◆ **The problem**
Where the line containing "Three Pillars Feeding" appears, begin retyping; continue exactly through the final line of the data. Omit every picture.
START Collected data
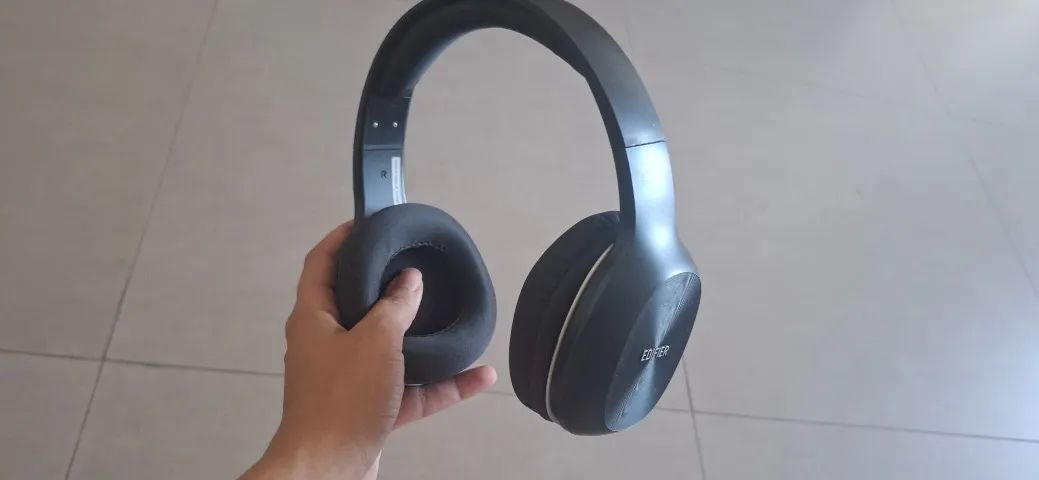 Headphone Edifier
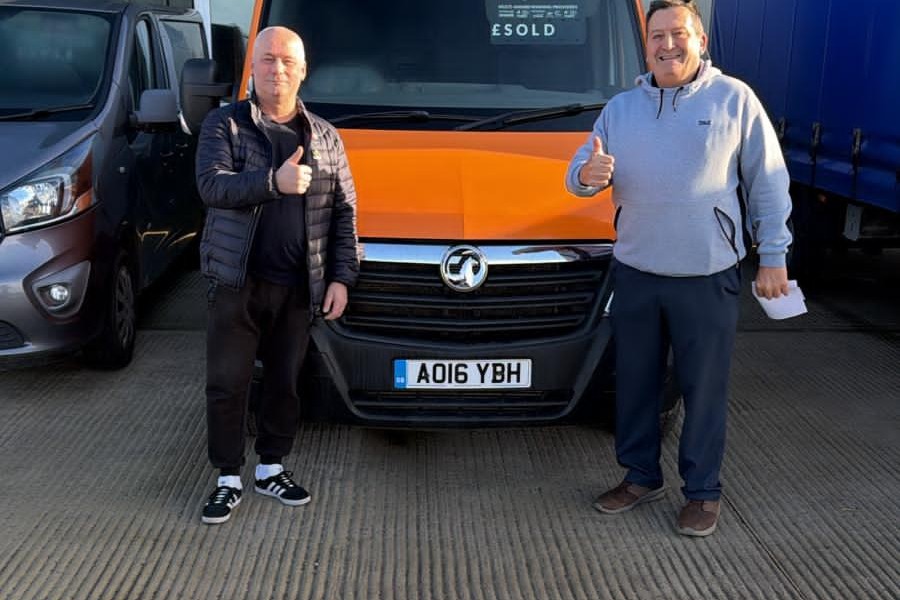 Three Pillars Feeding the Homeless Launches in Dunstable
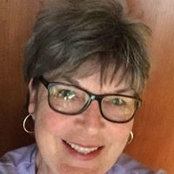 Sherry Rosss foto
END Collected data
◆ **Answer to the problem**
 Three Pillars Feeding the Homeless Launches in Dunstable
 Sherry Rosss foto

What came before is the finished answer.